* TASK DETAILS *
Would you return exactly the lines below from the line with "2700 N Vermillion Cir Circle, Tea, SD 57064" through the line with "2247 Old Highway 20, McDade, TX 78650", both included, and nothing else, leaving out the pictures?

* SUPPLIED INFORMATION *
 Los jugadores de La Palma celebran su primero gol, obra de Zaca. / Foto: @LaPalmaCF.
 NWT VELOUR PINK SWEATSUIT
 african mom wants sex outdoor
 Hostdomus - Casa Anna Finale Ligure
--
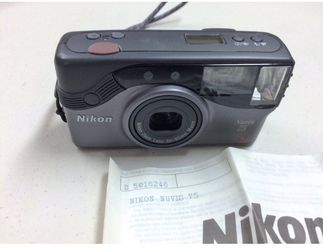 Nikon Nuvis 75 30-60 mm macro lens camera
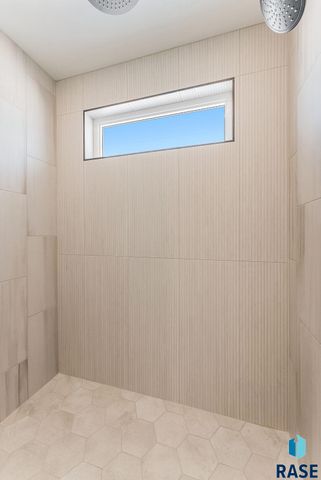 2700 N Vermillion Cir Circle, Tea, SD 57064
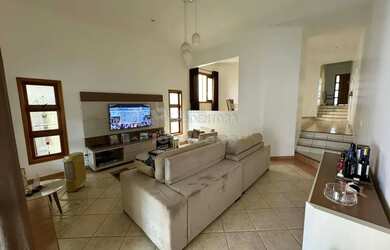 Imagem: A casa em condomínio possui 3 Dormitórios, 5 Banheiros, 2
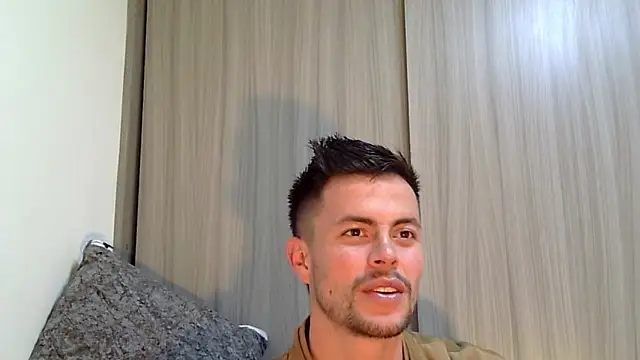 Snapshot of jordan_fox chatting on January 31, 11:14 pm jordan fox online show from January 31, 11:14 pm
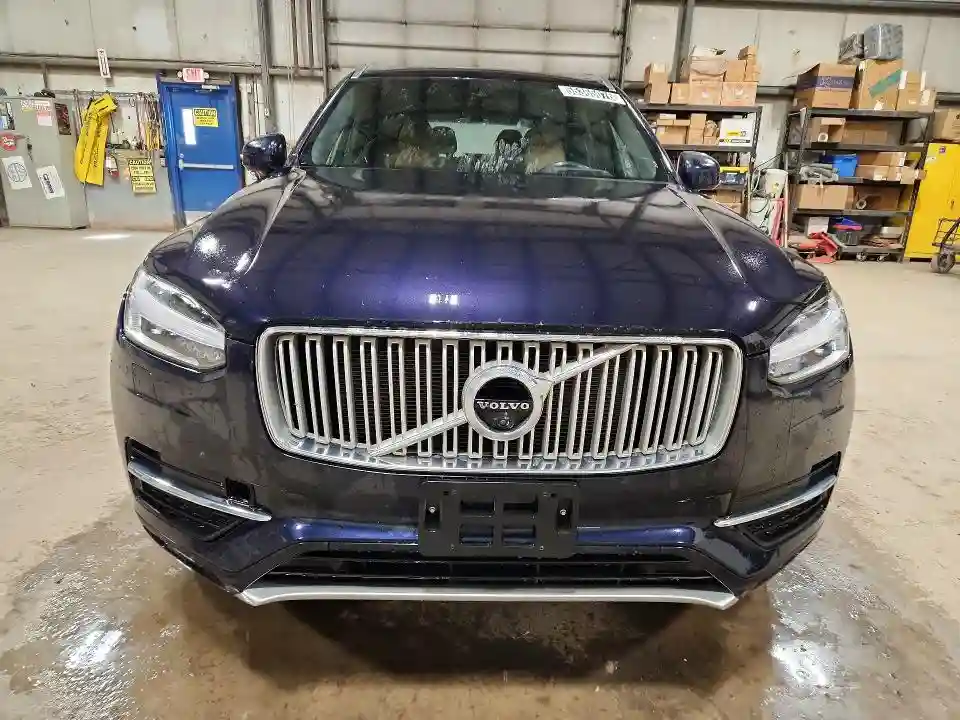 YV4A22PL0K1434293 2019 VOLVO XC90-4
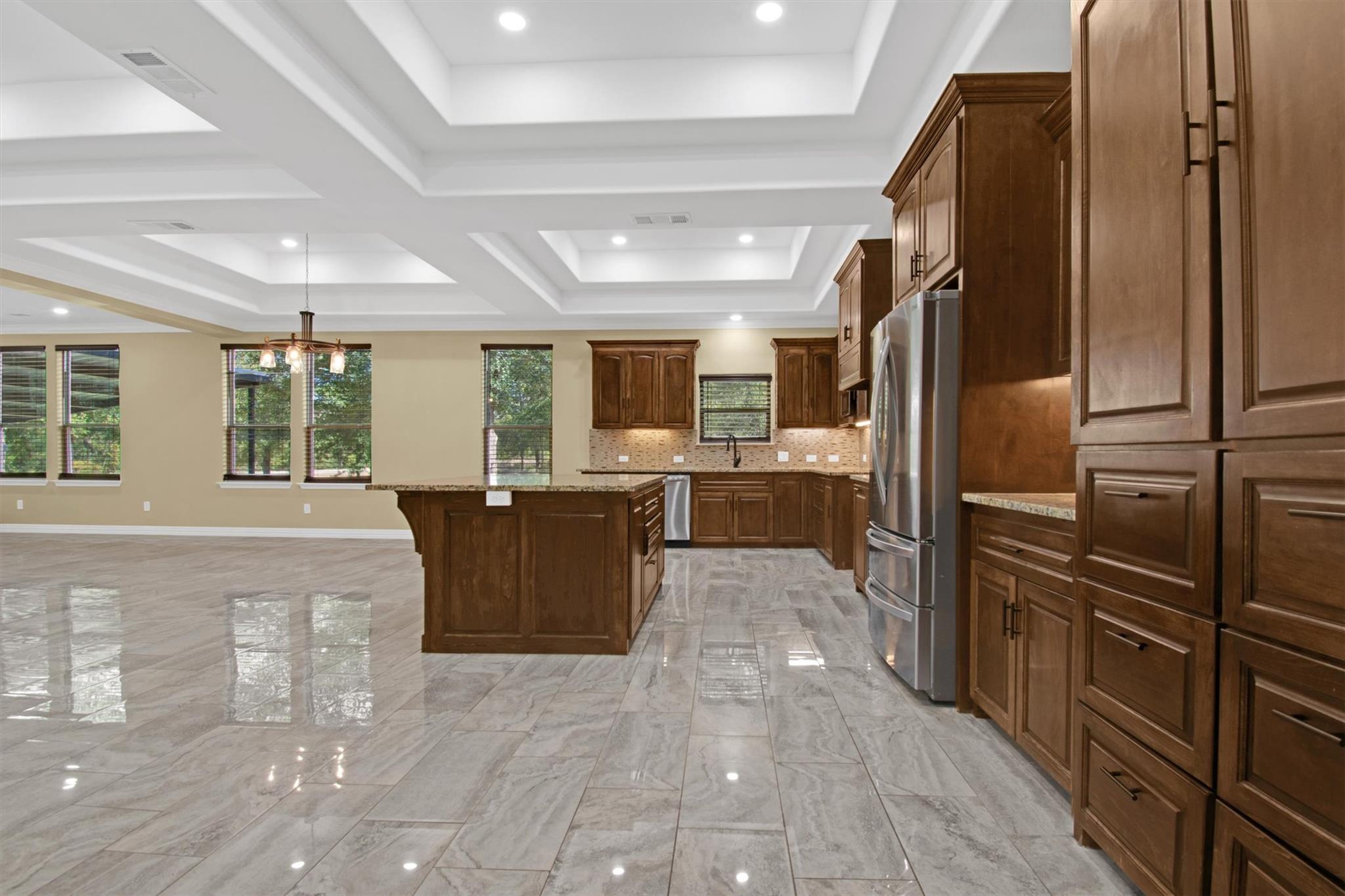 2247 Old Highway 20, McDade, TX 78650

* SOLUTION TO THIS PROBLEM *
 2700 N Vermillion Cir Circle, Tea, SD 57064
 Imagem: A casa em condomínio possui 3 Dormitórios, 5 Banheiros, 2
 Snapshot of jordan_fox chatting on January 31, 11:14 pm jordan fox online show from January 31, 11:14 pm
 YV4A22PL0K1434293 2019 VOLVO XC90-4
 2247 Old Highway 20, McDade, TX 78650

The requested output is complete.